И хоть настоящей камеры-обскуры сейчас не найти, есть смысл прогуляться по местам, где ровно 170 лет назад начинали свой путь московские «светописцы», как тогда называли фотографов.
Фальшивый иностранец
Старт был дан 7 января 1839 г., когда газеты объявили об «изобретении г-на Дагера, позволяющем снимать виды и портреты со всей чёткостью». Первые аппараты, едва попав в Москву, были взяты в оборот по схеме Достоевского: «Покажите русскому гимназисту карту звёздного неба - и назавтра он вернёт вам её исправленной». Самым настырным из таких «гимназистов» стал ровесник Пушкина, журналист «Московских ведомостей» и химик-любитель Алексей Греков. Уже спустя год он наладил производство улучшенных аппаратов, а через пару лет по адресу Остоженка, 19, в доме собирателя русского фольклора Киреевского открылось первое ателье. Загадочный иностранец А. Вокерг приглашал москвичей «снимать портреты, а также по новой методе делать их нестираемыми и иллюминировать красками», чего не делали тогда даже в Европе. «Загадочность» заграничного специалиста снимается, если прочитать его фамилию наоборот.
Судя по всему, Греков небезосновательно полагал, что москвичи, склонные к «преклонению перед Западом», готовы выложить свои кровные только иностранцу. Когда его раскусили, он прикрыл лавочку, чтобы «продать» дело ещё одному иностранцу, на этот раз некоему В. Окергиескела. Стоит ли говорить, что и этот джентльмен оказался липовым - проверку с чтением заковыристой фамилии задом наперёд произвести было уже несложно. Дела у «иностранца из Лондона и Парижа» шли неплохо, но долг перед типографией зашкаливал. И тогда Греков, автор научного труда «Металлография как способ печатать металлическими досками рисунки и рукописи», решил проверить свои теории на практике.
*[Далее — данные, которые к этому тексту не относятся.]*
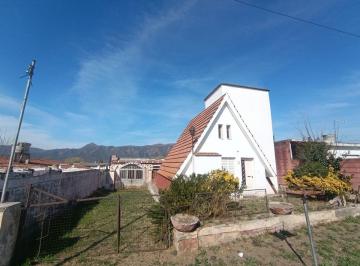 Casa de 3 ambientes, Cosquín · Casa en Venta, 3 Dorm., a Tres Cuadras de La Ruta, Colegios Cercanos, Vista a Las Sierras.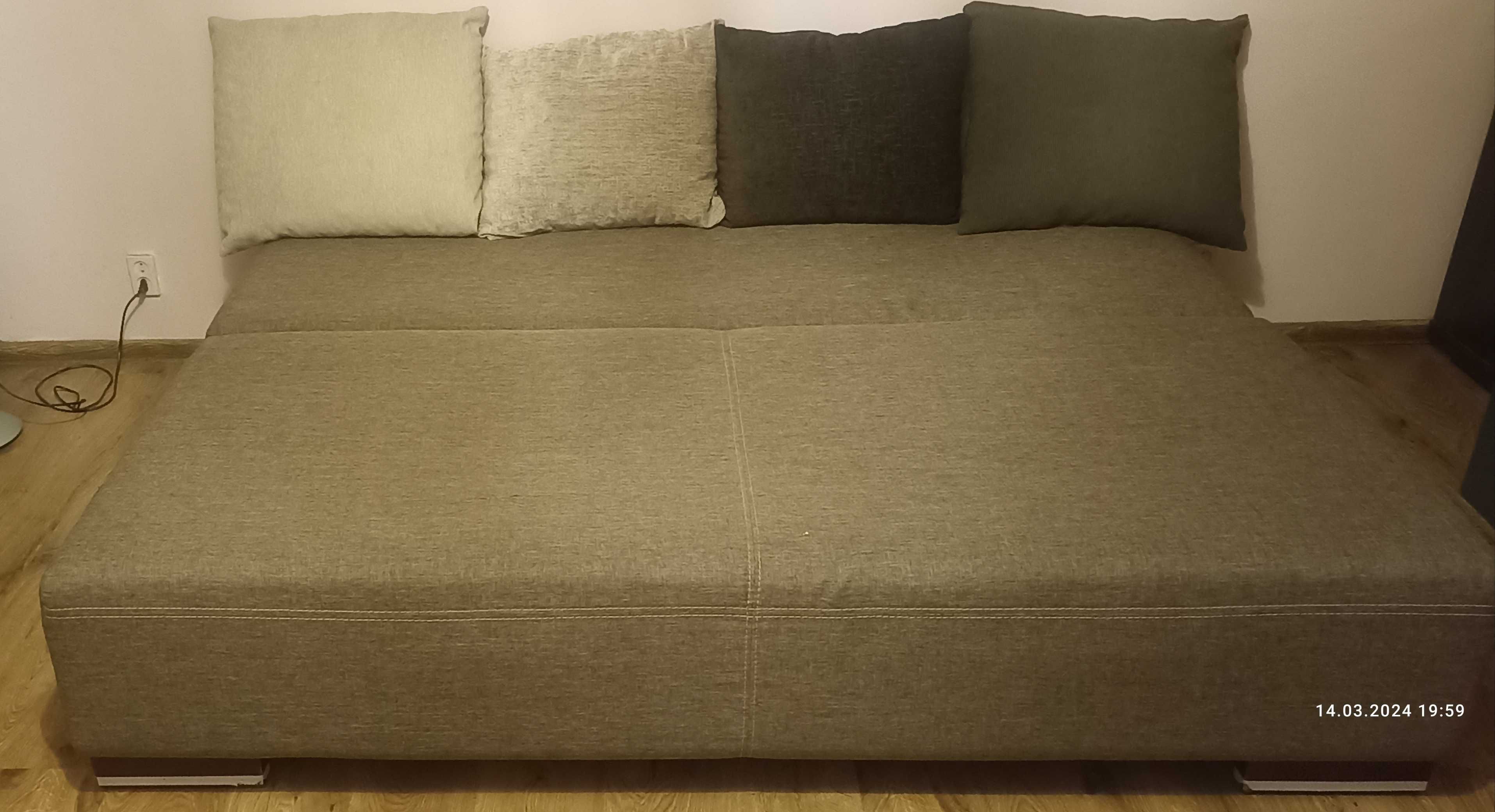 Sofa, kanapa, rozkładana 200 cm x 180 cm. Kolor beż.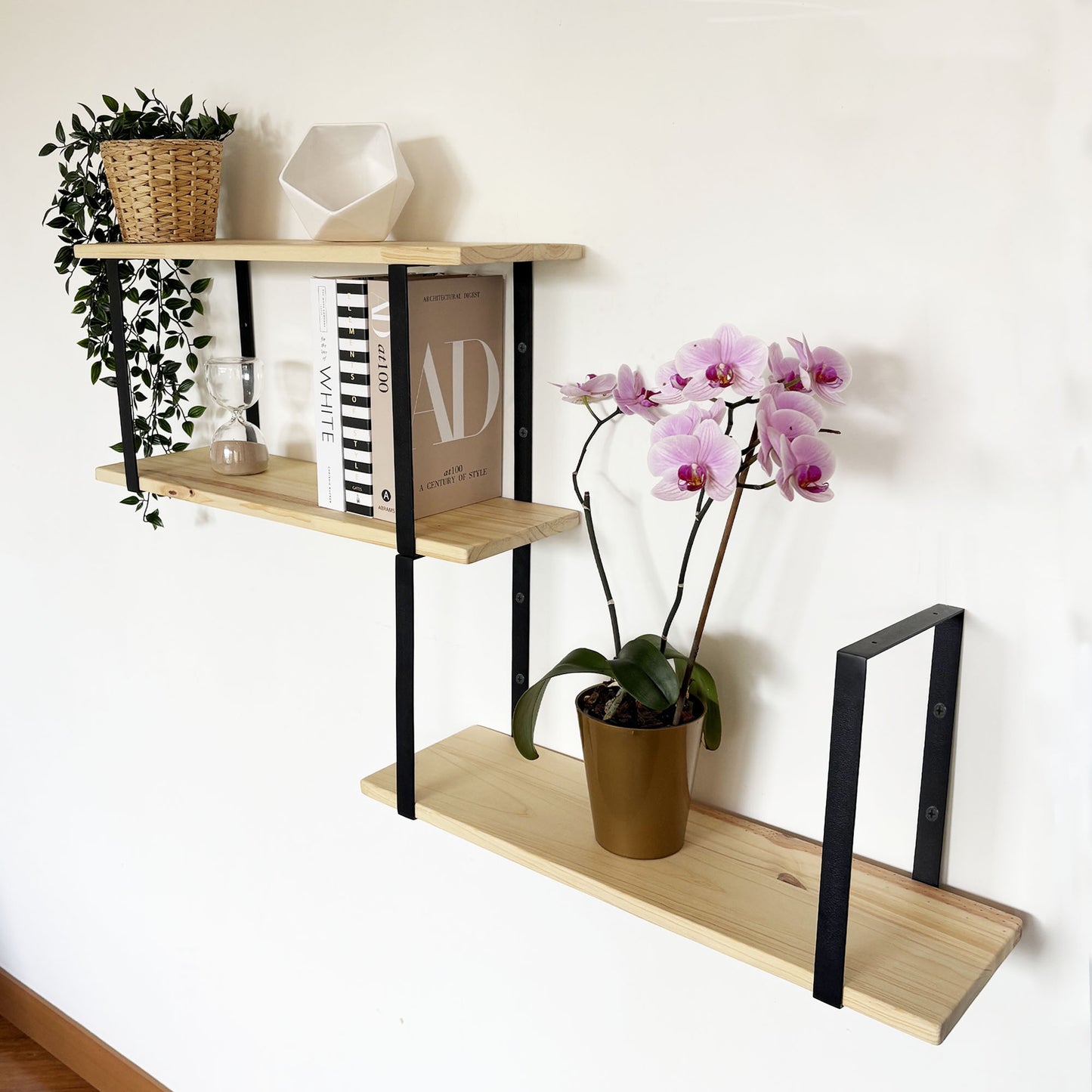 Repisa Modular de metal y madera - Rumania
Для чего принялся печатать «металлическими досками» фальшивые деньги. Судьба пионера русской фотографии сложилась трагично: его посадили в тюрьму, где он и скончался.
Порносектанты
Несмотря на такой криминальный дебют, московская фотография развивалась стремительно. По всему городу открывались ателье, в условиях конкуренции цены сбивали чуть ли не ежемесячно. А поскольку фотографию тогда относили не к разряду искусств, а к разряду ремёсел, никакого цензурного контроля за ней не велось. Такая прекрасная халява закончилась в 1862 г., когда асессора Захарова нелёгкая занесла в книжную лавку на Кузнецком мосту. К ужасу чиновника, лавка оказалась завалена «фотографиями безнравственного и постыдного содержания».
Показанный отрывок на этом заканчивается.